Mr. Hitchcock’s staggering influence upon the cinema survives to this day, particularly in the genres of mystery/suspense thrillers and horror, but equally important in many other respects, too numerous to list here. With a total of 53 films to his credit it is never a bad time to familiarize yourself with the Master of Suspense: let’s call this Film, or Hitchcock, 101!

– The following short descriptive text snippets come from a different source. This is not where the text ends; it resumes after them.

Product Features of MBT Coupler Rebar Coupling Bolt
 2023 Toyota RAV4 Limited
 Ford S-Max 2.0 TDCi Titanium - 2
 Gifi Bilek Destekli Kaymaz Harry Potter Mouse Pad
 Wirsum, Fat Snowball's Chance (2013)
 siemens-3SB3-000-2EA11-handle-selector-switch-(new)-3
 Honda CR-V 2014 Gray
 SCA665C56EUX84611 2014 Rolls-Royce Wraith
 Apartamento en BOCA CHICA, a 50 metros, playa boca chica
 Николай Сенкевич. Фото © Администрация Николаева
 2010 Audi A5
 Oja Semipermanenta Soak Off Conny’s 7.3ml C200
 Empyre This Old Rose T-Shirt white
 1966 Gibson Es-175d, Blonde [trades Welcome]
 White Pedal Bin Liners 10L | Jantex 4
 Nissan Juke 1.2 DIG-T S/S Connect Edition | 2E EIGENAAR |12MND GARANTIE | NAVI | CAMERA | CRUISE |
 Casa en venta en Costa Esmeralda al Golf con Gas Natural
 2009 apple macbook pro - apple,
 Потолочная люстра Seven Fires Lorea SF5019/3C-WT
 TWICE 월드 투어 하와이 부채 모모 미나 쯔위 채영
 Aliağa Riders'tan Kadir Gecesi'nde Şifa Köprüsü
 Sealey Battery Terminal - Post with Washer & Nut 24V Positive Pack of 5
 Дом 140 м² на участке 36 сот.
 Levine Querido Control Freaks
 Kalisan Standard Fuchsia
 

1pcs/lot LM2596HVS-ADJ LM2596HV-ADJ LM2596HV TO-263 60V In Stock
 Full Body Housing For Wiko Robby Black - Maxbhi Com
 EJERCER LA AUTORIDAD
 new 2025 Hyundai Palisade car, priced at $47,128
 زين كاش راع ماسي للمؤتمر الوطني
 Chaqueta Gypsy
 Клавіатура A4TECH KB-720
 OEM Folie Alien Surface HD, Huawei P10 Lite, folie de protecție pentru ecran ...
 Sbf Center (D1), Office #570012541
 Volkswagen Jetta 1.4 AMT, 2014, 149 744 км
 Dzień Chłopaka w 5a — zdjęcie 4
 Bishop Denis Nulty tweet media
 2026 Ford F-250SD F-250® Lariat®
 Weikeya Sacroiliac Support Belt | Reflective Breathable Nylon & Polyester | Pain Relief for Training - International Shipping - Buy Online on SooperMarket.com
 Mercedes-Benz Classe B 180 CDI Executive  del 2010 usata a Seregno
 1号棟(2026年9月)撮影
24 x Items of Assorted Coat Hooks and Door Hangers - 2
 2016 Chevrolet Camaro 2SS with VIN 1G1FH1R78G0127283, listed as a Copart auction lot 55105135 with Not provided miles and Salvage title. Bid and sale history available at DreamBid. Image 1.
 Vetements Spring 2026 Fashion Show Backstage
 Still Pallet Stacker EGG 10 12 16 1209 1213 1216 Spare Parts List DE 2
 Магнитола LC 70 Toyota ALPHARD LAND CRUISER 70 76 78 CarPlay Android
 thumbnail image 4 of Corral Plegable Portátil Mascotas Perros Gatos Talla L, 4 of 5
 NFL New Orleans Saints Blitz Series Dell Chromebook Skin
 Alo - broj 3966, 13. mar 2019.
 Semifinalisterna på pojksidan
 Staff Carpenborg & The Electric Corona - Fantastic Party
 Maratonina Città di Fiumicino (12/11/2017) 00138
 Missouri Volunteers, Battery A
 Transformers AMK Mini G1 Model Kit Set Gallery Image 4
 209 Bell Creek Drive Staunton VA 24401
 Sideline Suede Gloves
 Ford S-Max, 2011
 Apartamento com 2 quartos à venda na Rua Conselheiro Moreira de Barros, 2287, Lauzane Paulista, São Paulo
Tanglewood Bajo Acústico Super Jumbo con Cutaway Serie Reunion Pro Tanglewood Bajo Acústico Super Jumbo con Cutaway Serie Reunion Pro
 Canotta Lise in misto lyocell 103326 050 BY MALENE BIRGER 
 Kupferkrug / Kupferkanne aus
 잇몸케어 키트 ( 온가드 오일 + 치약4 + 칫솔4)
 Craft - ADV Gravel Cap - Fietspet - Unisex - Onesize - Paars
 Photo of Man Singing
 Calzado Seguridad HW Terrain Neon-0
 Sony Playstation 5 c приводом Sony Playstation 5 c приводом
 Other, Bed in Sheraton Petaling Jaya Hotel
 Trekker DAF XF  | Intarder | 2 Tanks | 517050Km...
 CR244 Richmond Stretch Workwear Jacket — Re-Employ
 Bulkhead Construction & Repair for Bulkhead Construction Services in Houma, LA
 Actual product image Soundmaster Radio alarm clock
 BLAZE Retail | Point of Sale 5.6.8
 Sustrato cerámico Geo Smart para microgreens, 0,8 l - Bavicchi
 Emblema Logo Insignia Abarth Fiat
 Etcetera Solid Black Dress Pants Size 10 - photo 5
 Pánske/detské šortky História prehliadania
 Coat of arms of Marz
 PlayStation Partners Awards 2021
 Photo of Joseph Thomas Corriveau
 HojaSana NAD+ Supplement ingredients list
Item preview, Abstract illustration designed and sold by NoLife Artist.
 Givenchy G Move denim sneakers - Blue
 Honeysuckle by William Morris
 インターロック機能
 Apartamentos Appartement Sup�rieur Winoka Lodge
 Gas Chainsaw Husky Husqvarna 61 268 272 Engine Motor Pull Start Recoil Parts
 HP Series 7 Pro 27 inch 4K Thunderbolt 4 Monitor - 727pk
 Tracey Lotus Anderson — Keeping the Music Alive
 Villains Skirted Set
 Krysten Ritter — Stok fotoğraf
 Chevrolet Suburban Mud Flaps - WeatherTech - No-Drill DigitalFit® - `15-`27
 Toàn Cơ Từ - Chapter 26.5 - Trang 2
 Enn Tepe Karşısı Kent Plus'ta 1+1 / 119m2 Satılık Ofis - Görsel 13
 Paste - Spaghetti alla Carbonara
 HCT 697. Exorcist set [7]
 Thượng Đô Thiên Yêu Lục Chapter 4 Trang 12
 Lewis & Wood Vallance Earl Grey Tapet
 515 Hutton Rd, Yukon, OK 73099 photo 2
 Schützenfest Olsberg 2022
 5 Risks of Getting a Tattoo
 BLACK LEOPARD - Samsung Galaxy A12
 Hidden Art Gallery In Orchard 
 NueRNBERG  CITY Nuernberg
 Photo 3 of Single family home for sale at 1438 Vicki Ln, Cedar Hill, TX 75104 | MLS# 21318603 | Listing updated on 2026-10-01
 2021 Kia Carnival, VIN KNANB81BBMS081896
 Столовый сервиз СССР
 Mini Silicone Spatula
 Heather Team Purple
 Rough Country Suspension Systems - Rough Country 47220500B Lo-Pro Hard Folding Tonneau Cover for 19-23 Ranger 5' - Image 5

To Catch A Thief MoviestillsWe’ll start with Ten Hitchcock Masterpieces:

1 • REBECCA (1940): Poor Mrs. Danvers….
2 • FOREIGN CORRESPONDENT (1940): Intrigue for a Yank across the pond, with Europe on the brink of war.
3 • SHADOW OF A DOUBT (1943): Everyone should have an Uncle Charlie.
4 • NOTORIOUS (1946): Hitchcockian romance, at its very best.
5 • STRANGERS ON A TRAIN (1951): Hitchcock adapts Highsmith—mind who you speak to on trains….
6 • REAR WINDOW (1954): Did he, or didn’t he, see a murder?
7 • VERTIGO (1958): Dark, touching, and sad, this is perhaps Hitchcock’s most personal film.
8 • NORTH BY NORTHWEST (1959): Some guys have all the fun.
9 • PSYCHO (1960): Bates Motel – twelve cabins, twelve vacancies.
10 • THE BIRDS (1963): It’s woman vs. nature.

Seen those? How about, Ten Must-Sees from Hitchcock’s British Period:

1 • THE LODGER (1926): Jack the Ripper, anyone?
2 • THE RING (1927): Excellent silent boxing drama.
3 • BLACKMAIL (1929): Guilt pursues the killer—an innovative use of early sound technology.
4 • RICH AND STRANGE (1932): Eerie, early romantic melodrama.
5 • THE MAN WHO KNEW TOO MUCH (1934): Knowing too much is a dangerous thing, indeed…. (1956 American version: Stewart and Day give strong performances; a worthy encore!)
6 • THE 39 STEPS (1935): High adventure on the Scottish moors—a man, a woman, and a pair of handcuffs!
7 • SABOTAGE (1936): Who killed cock robin?
8 • YOUNG AND INNOCENT (1937): The camera identifies the killer.
9 • THE LADY VANISHES (1938): Intrigue among passengers on a train across Europe—a ripping good yarn!
10 • JAMAICA INN (1939): Great adventure story; Laughton memorable as the villain, Sir Humphrey Pengallan.

Still hungry? Here are Ten Further Classics from Hitchcock’s Hollywood Career:

1 • SABOTEUR (1942): It’s The 39 Steps in the good old U.S.A.!
2 • LIFEBOAT (1944): Tallulah Bankhead in a boat.
3 • SPELLBOUND (1945): Romance and psychoanalysis – a union that only Hitchcock could bring about.
4 • ROPE (1948): What’s in the trunk?
5 • STAGE FRIGHT (1950): Highly under-rated; Dietrich sings “The Laziest Gal in Town.”
6 • DIAL ME FOR MURDER (1954): Crackling good murder mystery; originally filmed in 3-D!
7 • THE TROUBLE WITH HARRY (1955): Dead body on a mountain-top—what to do with it?
8 • THE WRONG MAN (1956): Eerie, dark drama based on a real-life case.
9 • MARNIE (1964): Hitchcock examines the female psyche—’nuff said!
10 • FRENZY (1972): Hitchcock returns home to England—who knew rigor mortis could be this much fun?